What is an operational amplifier (op-amp)?
An operational amplifier is a high-gain voltage amplifier with differential inputs and a single output. It's one of the most versatile analog building blocks, used for amplification, filtering, signal conditioning, mathematical operations, and more.
How does an inverting amplifier work?
In an inverting amplifier, the input signal is applied through a resistor to the inverting (-) input, while the non-inverting (+) input is grounded. Gain = -Rf/Rin. The negative sign indicates 180° phase inversion. For example, Rf=100kΩ, Rin=10kΩ gives gain of -10.
How does a non-inverting amplifier work?
In a non-inverting amplifier, the input signal is applied to the non-inverting (+) input. Gain = 1 + Rf/Rin. The output is in phase with the input. For example, Rf=90kΩ, Rin=10kΩ gives gain of 10 (1+9).
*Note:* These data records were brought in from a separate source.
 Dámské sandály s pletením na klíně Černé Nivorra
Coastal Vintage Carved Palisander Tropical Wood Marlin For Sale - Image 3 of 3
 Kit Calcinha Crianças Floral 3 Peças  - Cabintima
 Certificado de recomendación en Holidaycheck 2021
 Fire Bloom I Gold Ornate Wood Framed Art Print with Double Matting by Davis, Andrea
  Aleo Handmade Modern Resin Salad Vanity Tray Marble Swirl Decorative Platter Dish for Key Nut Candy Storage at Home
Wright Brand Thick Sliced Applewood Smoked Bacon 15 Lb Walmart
What is the difference between inverting and non-inverting configurations?
Inverting: phase inverted, gain = -Rf/Rin, lower input impedance (~Rin). Non-inverting: same phase, gain = 1+Rf/Rin (minimum gain is 1), very high input impedance. Choose based on your application requirements.
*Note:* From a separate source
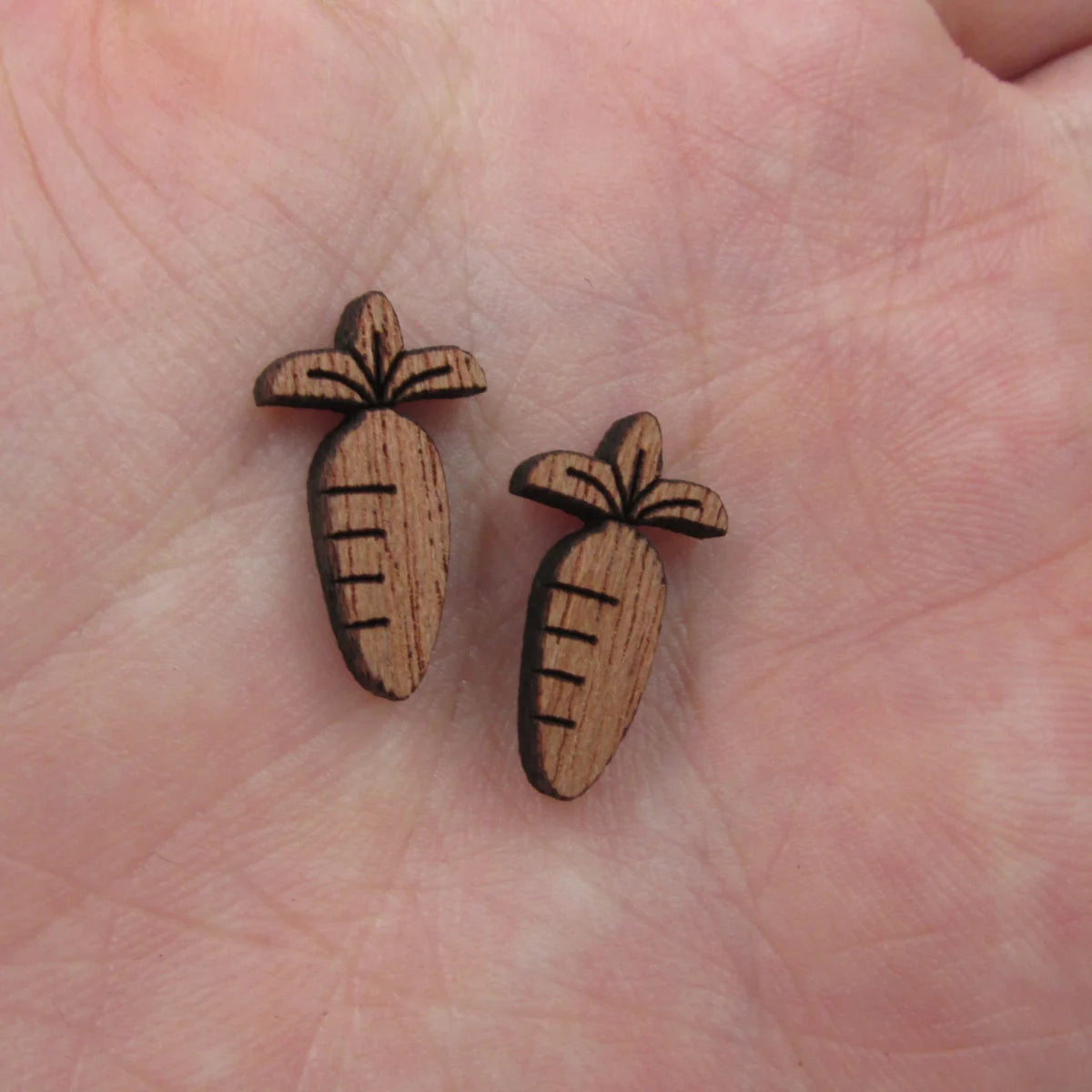 5 Pair Unfinished Blank Wooden Cabochon Wood Sweet Corn Radish Turnips Shape Cutouts For DIY Craft Earring Stud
What is a voltage follower (buffer)?
A voltage follower is a non-inverting amplifier with gain of 1 (Rf=0, or output directly to inverting input). It provides impedance isolation, converting high-impedance sources to low-impedance outputs without amplification. Essential for driving loads without loading the source.
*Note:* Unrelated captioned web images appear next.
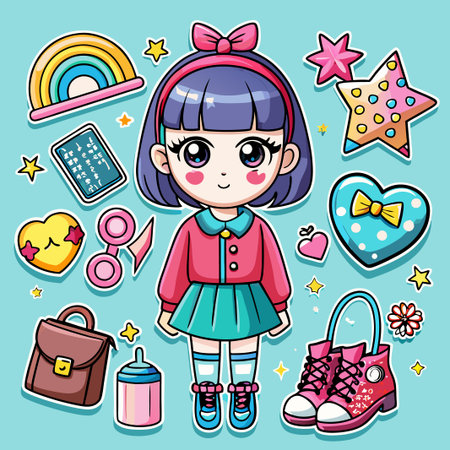 Cute cartoon girl wearing a red shirt and blue skirt with various cute stickers around her.のイラスト素材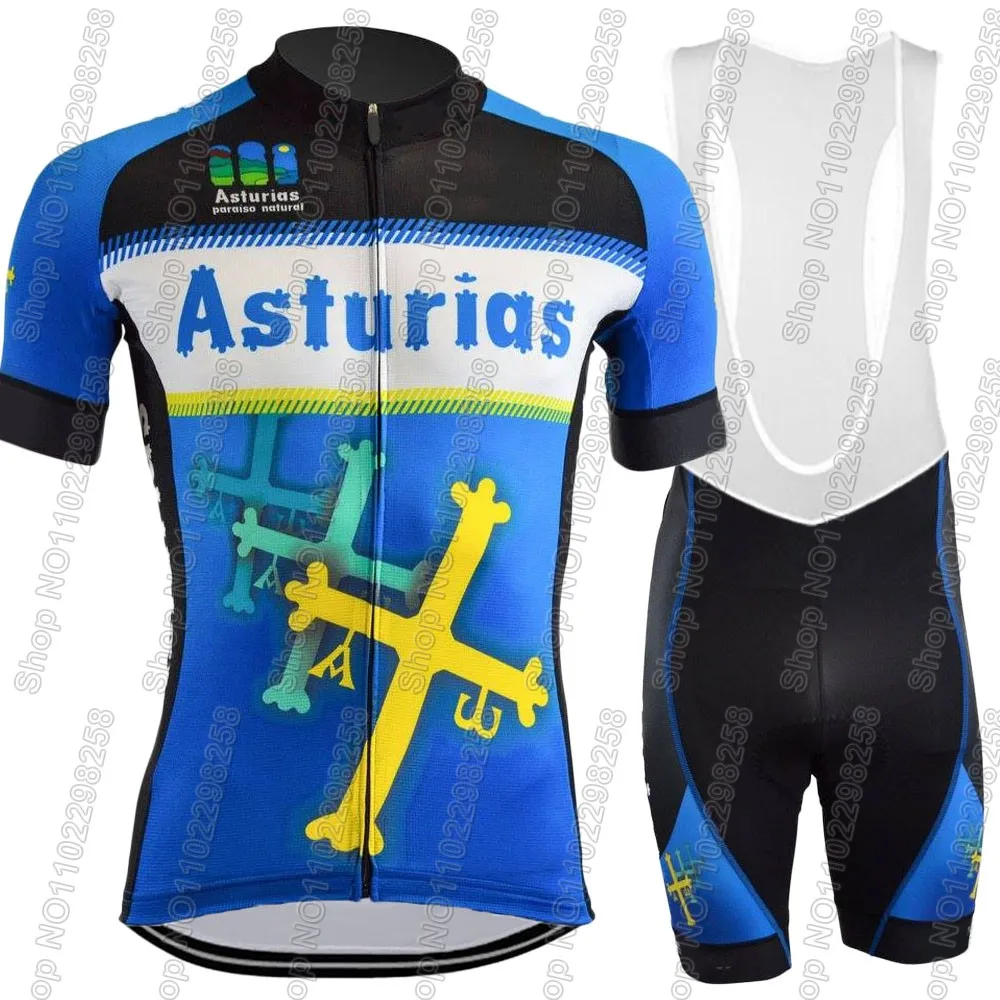2025 Asturias Espana Team Cycling Jersey Set Summer Bicycle Clothing Road Bike Shirts Suit Bicycle Bib Shorts MTB Ropa Maillot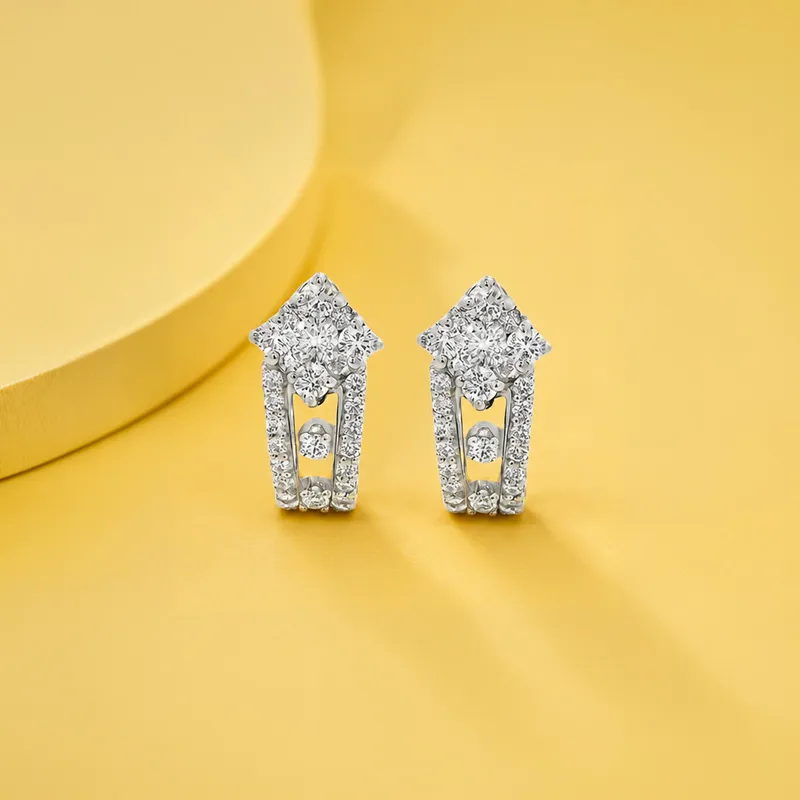 Gold Diamond Huggie Earrings - 0.60 inch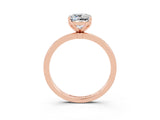 Rose gold Cushion Cut Moissanite Solitaire Ring with Thin Band and Prong Setting_15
How do I choose resistor values for op-amps?
Use 1kΩ to 1MΩ range. Lower values (<1kΩ) waste power and stress the op-amp output. Higher values (>1MΩ) are sensitive to noise and input bias currents. Common choices: 10kΩ, 47kΩ, 100kΩ. Use 1% tolerance resistors for precision.
What is input offset voltage?
Input offset voltage is the small DC voltage difference required between inputs to make output zero. Typically 0.1-5mV for general op-amps, <50µV for precision op-amps. It gets amplified by the gain, so high-gain circuits need low-offset op-amps.
What is slew rate and why does it matter?
Slew rate is how fast the output can change, measured in V/µs. For example, 1V/µs can handle ~160kHz for 1V peak signal. Insufficient slew rate causes distortion on fast signals. Choose op-amps with slew rate >10× your signal frequency requirements.
What is gain-bandwidth product (GBW)?
GBW is the frequency where open-loop gain equals 1 (0dB). It determines maximum usable frequency for a given gain. For example, LM358 has 1MHz GBW: at gain of 100, bandwidth is 10kHz. Higher gain = lower bandwidth.
Why is my op-amp oscillating?
Common causes: missing decoupling capacitors (0.1µF near power pins), capacitive load without isolation resistor, excessive gain at high frequencies, poor PCB layout with feedback path coupling. Add compensation capacitors across Rf if needed (1-10pF).
Can op-amps handle negative voltages?
Depends on power supply. Dual-supply op-amps (±5V, ±15V) can handle negative inputs and outputs. Single-supply (rail-to-rail) op-amps work from ground to Vcc. Choose based on your signal range requirements.
What are common op-amp applications?
Amplifiers (audio, instrumentation), filters (low-pass, high-pass, band-pass), integrators, differentiators, comparators, voltage followers, current-to-voltage converters, summing amplifiers, active rectifiers, and oscillators. Op-amps are fundamental to analog signal processing.